-- Exercise goal --
Look below for the line that contains "Pic #1Christmas Girl - See Through, Voyeur", then copy it and each following line to the end of the records, minus any pictures.
*** Opening Record set ***
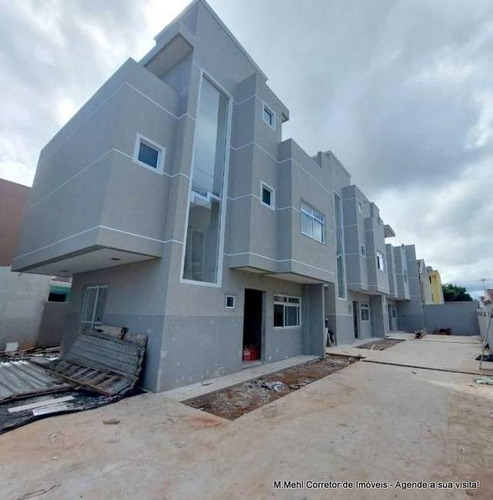 Imagem 3 de 29 de Sobrado Em Condomínio Com 3 Dormitórios À Venda Com 116m² Por R$ 580.000,00 No Bairro Bairro Alto - Curitiba / Pr - M2ba-smpg3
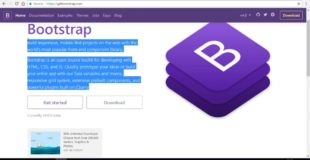 Bootstrap 4 tutorial in Hindi Part 1
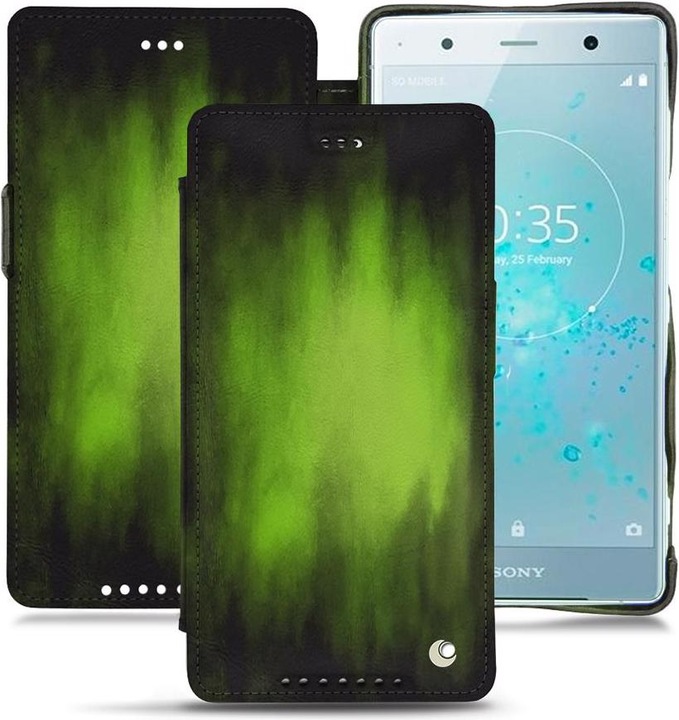 Actual product image Noreve Leather case horizontal (Sony Xperia XZ2 Premium)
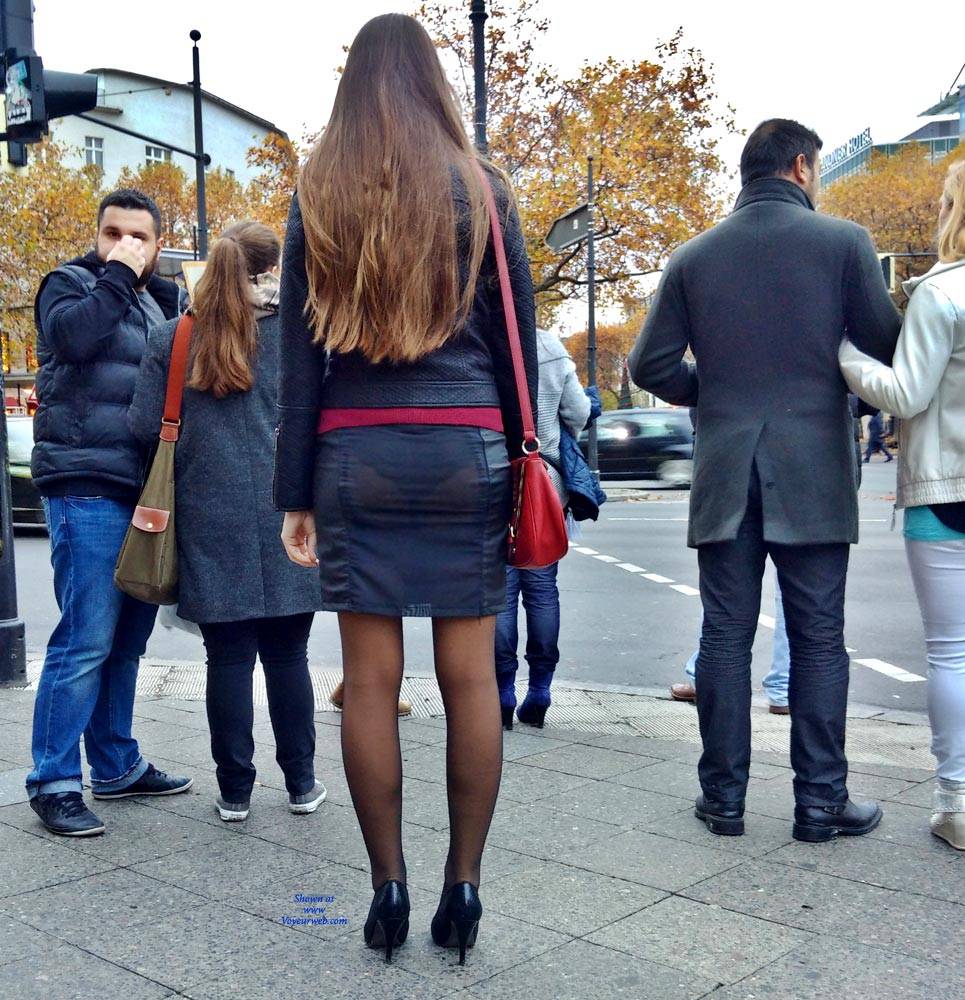 Pic #1Christmas Girl - See Through, Voyeur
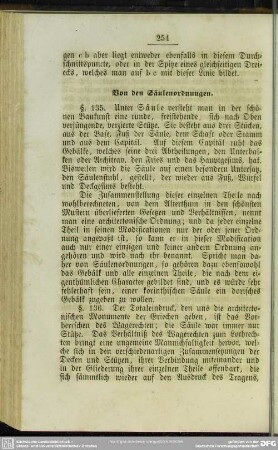 Von den Säulenordnungen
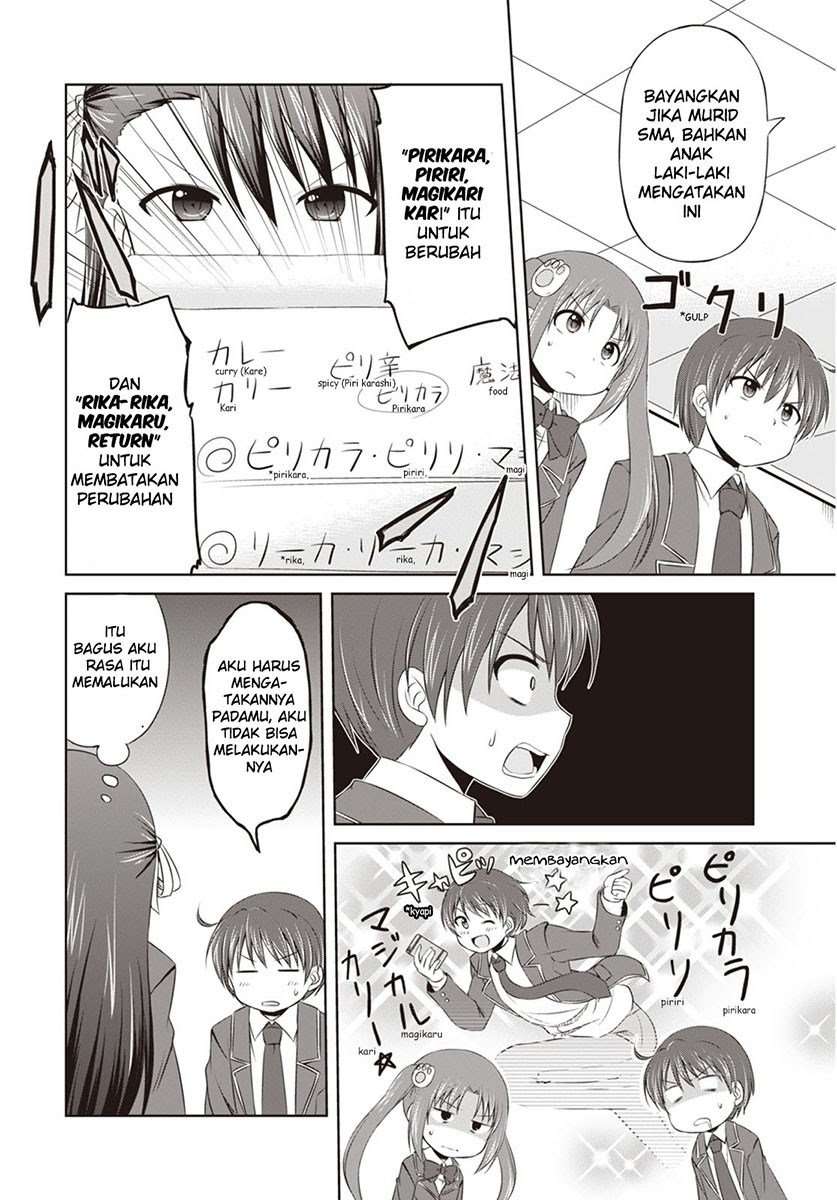 Magical Trans! Chapter 03 Image 14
*** Closing Record set ***
-- Reply to the task --
 Pic #1Christmas Girl - See Through, Voyeur
 Von den Säulenordnungen
 Magical Trans! Chapter 03 Image 14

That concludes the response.